O presente que me fez chorar

Recebido da Ana. Há quantos anos o não ouvia... e que saudades, Deus meu!

A versão original, a de 1975, a proibida pela estúpida censura (alguém se lembra de quem cantava aquele Não há machado que corte a raiz ao pensamento?), a versão original, inicial e cheia de expectativas de Tanto Mar, de Chico Buarque.

Obrigada, querida Ana!!!

Tanto Mar - procura-se!

Já hoje fiz o apelo no blóguio do Liceu, e teve imediatamente eco: o Alf enviou-me a sua versão de Tanto Mar (obrigada, meu amigo!), sem saber se era a que eu queria. Não era, uma vez mais. Era a que já tenho, a do fim da festa, a da desilusão e do desencanto, a única que consigo encontrar. Há mais de vinte anos que procuro esta música. Alguém a tem e fará a caridade da ma enviar?
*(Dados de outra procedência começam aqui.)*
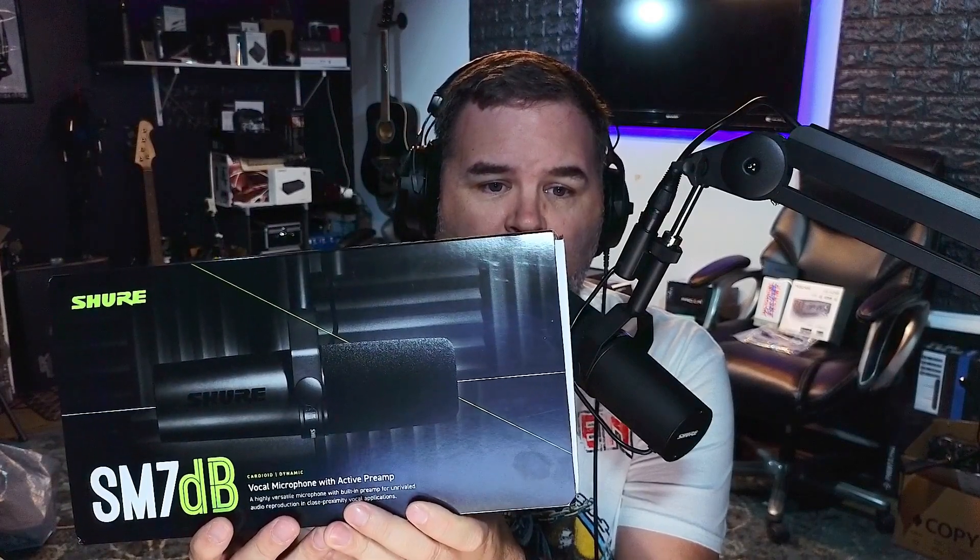The cat's out of the bag — yes, Shure has a new SM7B, folks, except it's called the SM7dB. I'm currently talking on the original SM7B, which might not be obsolete. We're going to get into all of it. Thank you to the folks at Shure for trusting me with their world-renowned brand and sending me something brand spanking new.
Chico Buarque é mais do que uma paixão minha, Chico Buarque é quase uma obsessão minha. Chico Buarque é um Mestre. O seu génio no domínio da Língua Portuguesa, entre muitas outras coisas (os espantosos olhos verdes também não são de desprezar, mas isso é outra história...), merece-me veneração, e é frequente ficar deslumbrada com as suas desconcertantes reviravoltas na escrita. Um Mestre, repito. Digno de ombrear com Camões, Eça, Pessoa...

Esta é a letra inicial, de 1975, em homenagem ao 25 de Abril, editada apenas em Portugal (no Brasil foi vetada pela censura, ai, a estupidez humana!). Quando, lá por 1991, comprei o fabuloso Chico Buarque & Maria Bethânia ao Vivo, rejubilei. Por cima do celofane trazia um triunfal autocolante amarelo a dizer «inclui Tanto Mar, versão cantada». Yeah, right! Impostores! Vai-se ouvir e é apenas instrumental!

Esta é a letra da versão original
, a que debalde (que bom ter ocasião de introduzir este advérbio que tão querido me é!) procuro há tanto tempo! Podem comparar as duas, esta e a de 1978, aqui.

Tanto Mar
Sei que estás em festa, pá
Fico contente
E enquanto estou ausente
Guarda um cravo para mim

Eu queria estar na festa, pá
Com a tua gente
E colher pessoalmente
Uma flor do teu jardim

Sei que há léguas a nos separar
Tanto mar, tanto mar
Sei também quanto é preciso, pá
Navegar, navegar

Lá faz primavera, pá
Cá estou doente
Manda urgentemente
Algum cheirinho de alecrim



domingo, 20 de janeiro de 2008

Fado Tropical

Este livro que agora me chegou às mãos como presente de Natal tardio (foi-me carinhosamente enviado do Brasil por uma leitora recente que já é uma amiga, a CoRa, ainda no ano passado), tem uma história curiosa.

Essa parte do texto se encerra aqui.